Survey B also concluded that \(\displaystyle{82}\%\) of people liked the move but they asked 1600 total moviegoers.

Confidence interval for Survey A

CI(Proportion) \(\displaystyle={\left(\hat{{{p}}}-{z}_{{{c}}}\sqrt{{{\frac{{\hat{{{p}}}{\left({1}-\hat{{{p}}}\right)}}}{{{n}}}}}},\hat{{{p}}}+{z}_{{{c}}}\sqrt{{{\frac{{\hat{{{p}}}{\left({1}-\hat{{{p}}}\right)}}}{{{n}}}}}}\right)}\)
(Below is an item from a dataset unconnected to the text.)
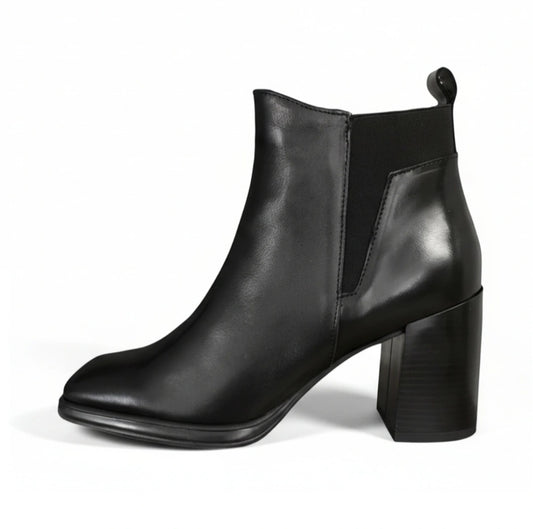 Stivaletti Neri Donna Cinzia Soft PQ9555760 - Vera Pelle, Tacco a blocco, Elastico e Zip Laterale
\(\displaystyle={\left({0.88}-{1.96}\times\sqrt{{{\frac{{{0.88}{\left({1}-{0.88}\right)}}}{{{1000}}}}}},{0.88}+{1.96}\times\sqrt{{{\frac{{{0.88}{\left({1}-{0.88}\right)}}}{{{1000}}}}}}\right)}\)

\(\displaystyle={\left({0.86},{0.9}\right)}\)

Confidence interval for Survey B

CI(Proportion) \(\displaystyle={\left(\hat{{{p}}}-{z}_{{{c}}}\sqrt{{{\frac{{\hat{{{p}}}{\left({1}-\hat{{{p}}}\right)}}}{{{n}}}}}},\hat{{{p}}}+{z}_{{{c}}}\sqrt{{{\frac{{\hat{{{p}}}{\left({1}-\hat{{{p}}}\right)}}}{{{n}}}}}}\right)}\)

\(\displaystyle={\left({0.82}-{1.96}\times\sqrt{{{\frac{{{0.82}{\left({1}-{0.82}\right)}}}{{{1600}}}}}},{0.82}+{1.96}\times\sqrt{{{\frac{{{0.82}{\left({1}-{0.82}\right)}}}{{{1600}}}}}}\right)}\)

\(\displaystyle={\left({0.801},{0.839}\right)}\)

Answer:

2. The confidence interval is smaller for Survey B.